“Il fiume Panaro è inquinato", nel mirino lo scarico della ditta Far Pro

I consiglieri comunali della confinante San Cesario - Piccinini, Soli e Zanoli- hanno commissionato analisi chimiche dell'acqua da cui emerge un parametro oltre la soglia di legge. L'autorizazione ambientale obbligherebbe la ditta a scaricare nelle fogne comunali

"Una schiuma bianca, una fetore insopportabile, un fiume irriconoscibile. Non è più acqua quella che imputridisce presso lo scarico delle acque del depuratore della ditta Far Pro di Spilamberto". Un attacco diretto quello che arriva dai consiglieri comunali di San Cesario Sabina Piccinini e Ivano Soli (Gruppo Consiliare Lista Civica Nuovo San Cesario) e Mirco Zanoli (Gruppo Consiliare Rinascita Locale), che nei giorni scorsi hanno effettuato un sopralluogo nel punto del panaro in cui arriva lo scarico della ditta Far Pro, situata sulla sponda del fiume di competenza del Comune di Spilamberto.

I consiglieri non anno dubbi, forti delle analisi biochimiche fatte eseguire da un laboratorio: "Il Panaro è inquinato. Le analisi di un campione d’acqua prelevato in zona hanno messo in evidenza una concentrazione di BOD (richiesta biochimica di ossigeno) pari a 77,6 mg/l, superiore ai limiti di legge (limite 20 mg/l, D.Lgs. 152/2006). Un fiume incontaminato ha solitamente valori di BOD minori di 1 mg/l. Un fiume moderatamente inquinato ha valori di BOD fra i 2 e gli 8 mg/l. Un'acqua di scarico efficacemente trattata da un impianto di depurazione ha valori di BOD di circa 20 mg/l".

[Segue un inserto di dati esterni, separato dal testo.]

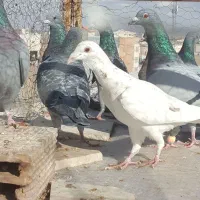 کبوتر|پرنده|بیرجند, |دیوار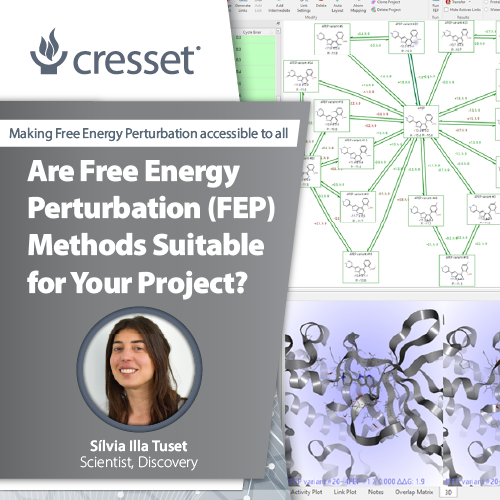 Are Free Energy Perturbation (FEP) methods suitable for your project?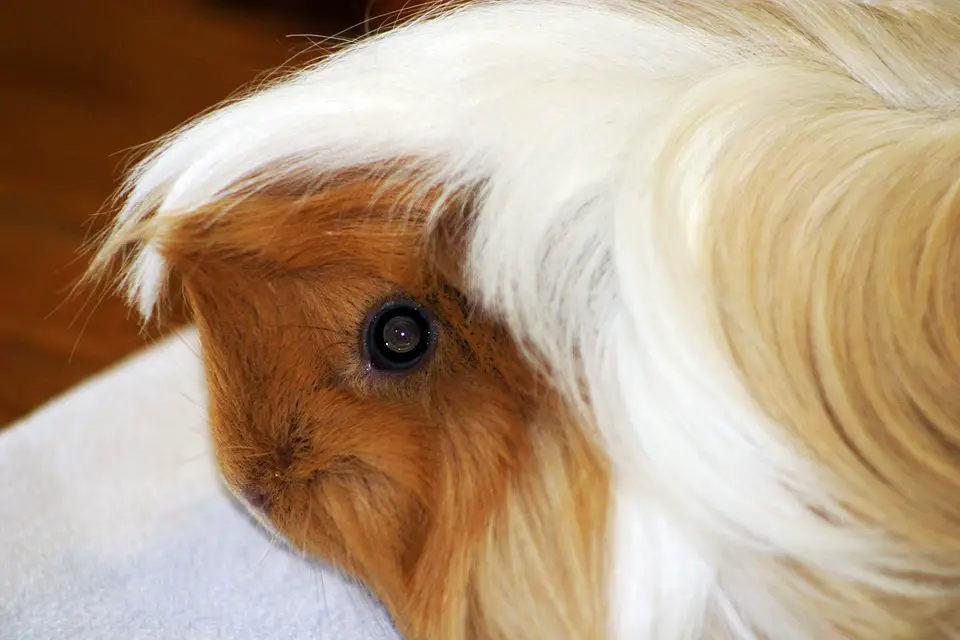 why do guinea pigs whistle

Per i consiglieri vi è un vizio sostanziale: "Lo scarico della Far Pro di Spilamberto dovrebbe essere chiuso per essere poi convogliato nel sistema fognario di Spilamberto. E non lo diciamo solo noi, sta scritto nell’autorizzazione rilasciata alla ditta". Il riferimento è alla determinazione dirigenziale n. 6218 del 22 Novembre 2017 di Arpae, nella quale si legge: "Fatte salve le considerazioni di compatibilità tecnica ai sensi del vigente regolamento comunale degli scarichi in pubblica fognatura, il gestore è tenuto a realizzare (con le modalità e le tempistiche da concordare con il Comune di Spilamberto ed il gestore del S.I.I.) l’allacciamento dello scarico delle acque trattate nel depuratore aziendale alla fognatura comunale (quando realizzata e disponibile), con recapito finale all’impianto di depurazione comunale. [...] Lo scarico delle acque di raffreddamento andrà comunque mantenuto in acque superficiali, per non gravare di eccessivo carico idrico l’impianto comunale"

"I nostri Amministratori però si accontentano del contentino: lo scarico a seconda delle stagioni. Nell’ultimo Consiglio l’Assessore all’Ambiente Pancaldi (San Cesario, ndr) ha parlato di un accordo di massima con la ditta per immettere lo scarico in fogna solo nei mesi estivi; per tutto il resto dell’anno, via libera, la Far Pro scarichi pure in Fiume fin che vuole. Il Panaro può tranquillamente sostituirsi alla fogna", commentano Piccinini, Soli e Zanoli.

"E chi può escludere che l'acqua scaricata non si mescoli con quella da cui pescano i pozzi HERA, situati poco più a valle, che alimentano gli acquedotti di San Cesario, di Modena, Castelnuovo e Castelvetro? Nell’autorizzazione rilasciata alla ditta da Arpae, ci sono delle prescrizioni ben precise, perchè non vengono fatte rispettare? Un tempo, i Fiumi erano considerati sacri: è chiaro che i tempi sono cambiati", chiosano i consiglieri.